Thermal expansion always occurs in water heaters. Like most substances, water expands as it is heated. This happens several times a day in a water heater after some hot water has been used in the house, and cold water flowing into the water heater is heated.
Because water is non-compressible, it will increase in pressure if it doesn't have room to expand as it is heated. In the past, the expanding water in water heaters would push some water back out of the house - into the public water main, which could absorb the pressure.
But that mechanism to relieve pressure doesn't work anymore. The reason is check valves. A check valve is a one-way valve that prevents back flow of water, keeping it from flowing in the wrong direction. Check valves are installed on all connections to the public water supply now. Their purpose is to keep water from flowing back out of the house through the service pipe.
This prevents contamination that might occur in the plumbing within a house or business from contaminating the public water supply in the street. But the flip side of it is that, unless there is some other space for expansion in the system, water pressure builds rapidly in the house as the water heater heats up.
That is where expansion tanks come in. The expansion tank contains air, which is highly compressible. Expanding water from the water heater can flow into the expansion tank, where the air compresses, making room for the increased volume of water. Water pressure in the system doesn't increase significantly.

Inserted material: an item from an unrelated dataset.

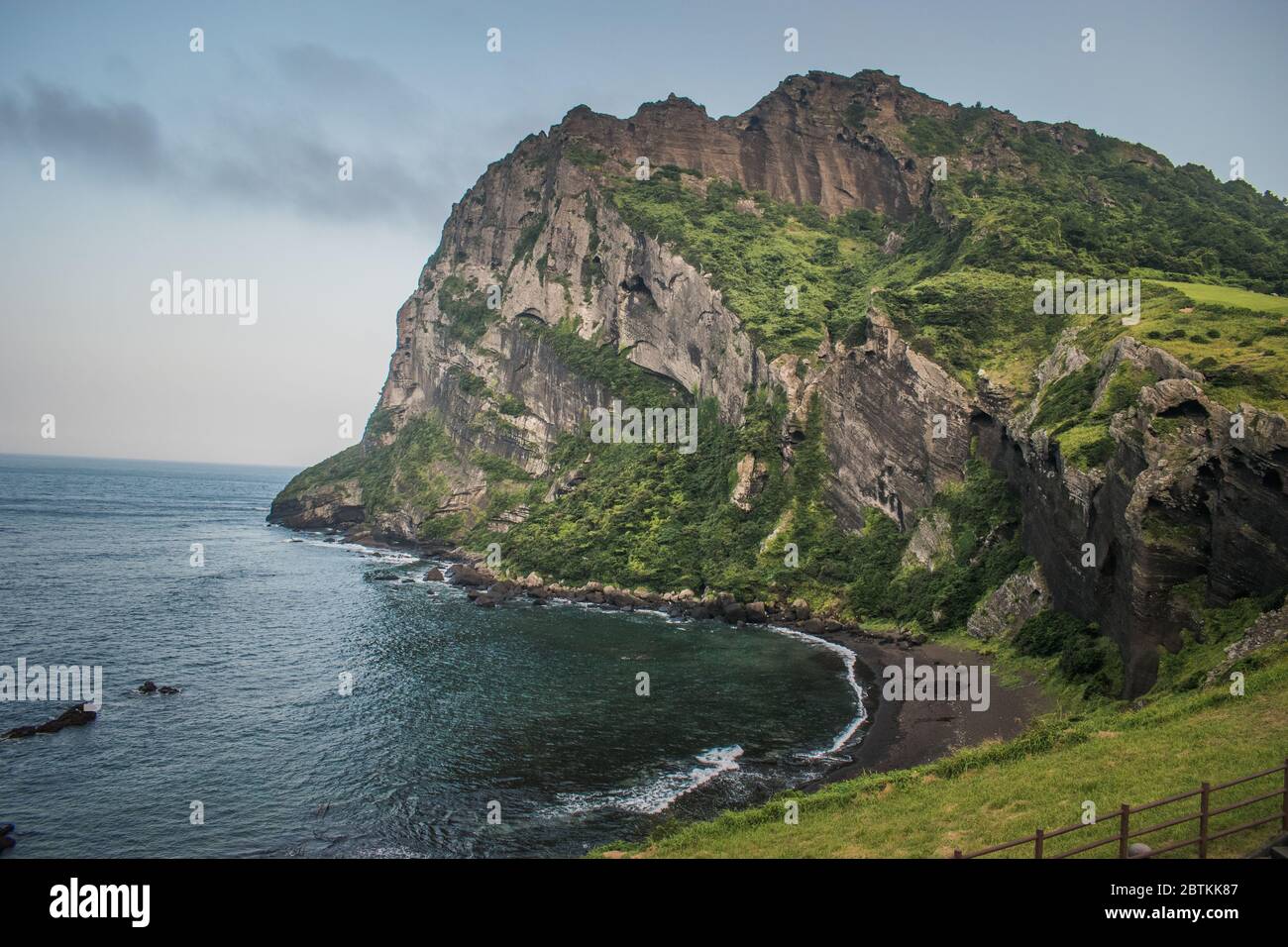 Sunrise Peak on Jeju Island in the city of Seongsan. This mountain is also known as Seongsan Ilchulbong. Stock Photo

Most houses that have a check valve on the water service pipe - usually as part of a pressure-reducing valve installed just above or below the main water cutoff - do not have an expansion tank, since it wasn't required until recently. This may or may not cause excessive pressure buildup, depending on the characteristics of the plumbing in a house.
If you've noticed that washers in plumbing fixtures seem to wear out rapidly, or if water drips intermittently from the relief valve on the water heater, consult a plumber about the advisability of adding an expansion tank. The cost is relatively modest.